An example of that PSVs installed in the compressor discharge protecting the compressor from blocked discharge case, the question here:
Can these PSVs be eliminated when high integrity shutdown system is provided (i.e. PT 2 out of 3 voting)?
Does the code allow for that ?
Thank you
Helpful Member!  hianbotech (Petroleum)
9 May 05 11:21
The relief valves are another independient Protection layer (IPL) in your plant. This kind of valves do not depend of control system. For this reason you can not eliminate them.

It is mandatory to have different independient protection layer, for example:

1) Basic Control System
2) Emergency Shutdown System (alarms, shutdown valves, etc)
3) Mechanical Protections (relief valves)
4) Phisical Protections (dike design, distances between equipments, etc)
5) Hazard Plans for your plant in case of a emergency
6) Hazard Plans for the community


The different layer needed depend of the specific safety analysis for your plant.

Regards, Hianbo

   
hianbotech (Petroleum)
9 May 05 11:28
Additionally the control system and shutdoen systems helps to reduce the frequency of the overpressure. the relief valve help to mitigate the severity of the overpressure. Each layer attack
Regards, Hianbo
svanels (Petroleum)
9 May 05 22:17
Hianbo has described the different areas very well, the only thing I would to add is that with an ESD you have to evaluate the consequences for other equipment in the "train" as well. In general an ESD will generate multiple signals (or trips) to other equipment also, adding complexity to manage the system.  
In some cases as the situation gets out of control, a safeguard system can be needed to take over control when critical limits are reached.

Regards
Helpful Member!(2)  Guidoo (Chemical)
10 May 05 5:00
I disagree with Hianbo's statement that

"The relief valves are another independent Protection layer (IPL) in your plant. This kind of valves do not depend of control system. For this reason you can not eliminate them."

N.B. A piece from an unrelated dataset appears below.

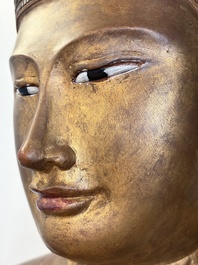 A very large Burmese mica-inlaid gilt-lacquered wooden Mandaly Buddha, 20th C.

A high integrity Safety Instrumented Function (SIF) (often called High Integrity Pressure Protection System (HIPPS))can sometimes be used i.s.o. a relief device, see for example NORSOK P-001, chapter 4 (http://www.standard.no/imaker.exe?id=1409), or API RP 521 section 2.2.

Note that a SIL classified Safety Instrumented Function also needs to be independent of the Basic Process Control System (BPCS).

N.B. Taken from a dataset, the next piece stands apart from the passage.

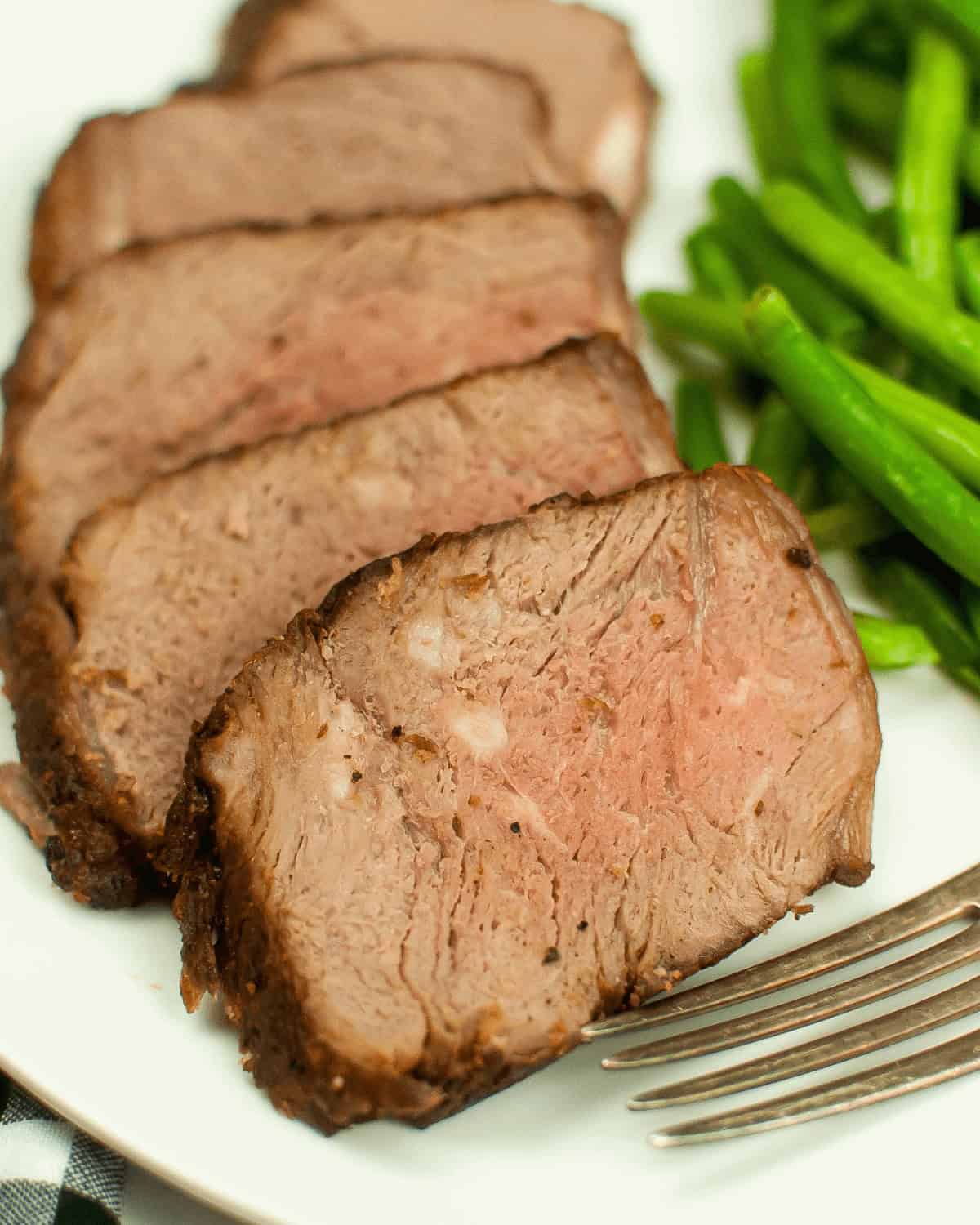 Sliced medium-rare Air Fryer Beef Roast arranged on a white plate with a side of green beans and a silver fork.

I also don't agree with the statement "the control system and shutdown systems help to reduce the frequency of the overpressure, the relief valve helps to mitigate the severity of the overpressure."

A relief device also reduces the likelihood of overpressure. If a relief device operates on demand, it will prevent having overpressure (e.g. a pressure higher than 110% of the Maximum Allowable Working Pressure). If the relief device fails on demand (about once in every 1000 demands a conventional relief valve fails to open), it will no prevent having overpressure. In other words, the conventional relief valve reduces the likelihood of overpressure with a factor 1000. Same can be achieved with a SIL3 classified SIF.

Normally alternatives to conventional pressure relief devices are only considered when using a pressure relief device is considered unpractical (e.g. because of safety or environmental concerns or because of excessive costs).

Whether the code allows for this depends on the code that is applicable on your plant... When ASME code is applicable, requirements of ASME Code Case 2211 have to be met. In Code states in the USA, approval by the jurisdictional authority is required prior to the use of Code Case 2211.
brainstorming (Chemical) (OP)
10 May 05 5:17
Thank you all for your inputs
I agree with what Guidoo has stated regarding this subject.
But still not clear from your explanations if it is a mandatory of having both PSVs as well as HIPPS at the compressor discharge piping.
I am after a way of reducing the flare load in the plant during design stage with taking into account the protection provided by the shut down systems.

Guidoo (Chemical)
10 May 05 5:35
Brainstorming,

You cannot expect an answer to your question "if it is a mandatory of having both PSVs as well as HIPPS at the compressor discharge piping" from a forum such as this. We do not even know in which country your plant is located...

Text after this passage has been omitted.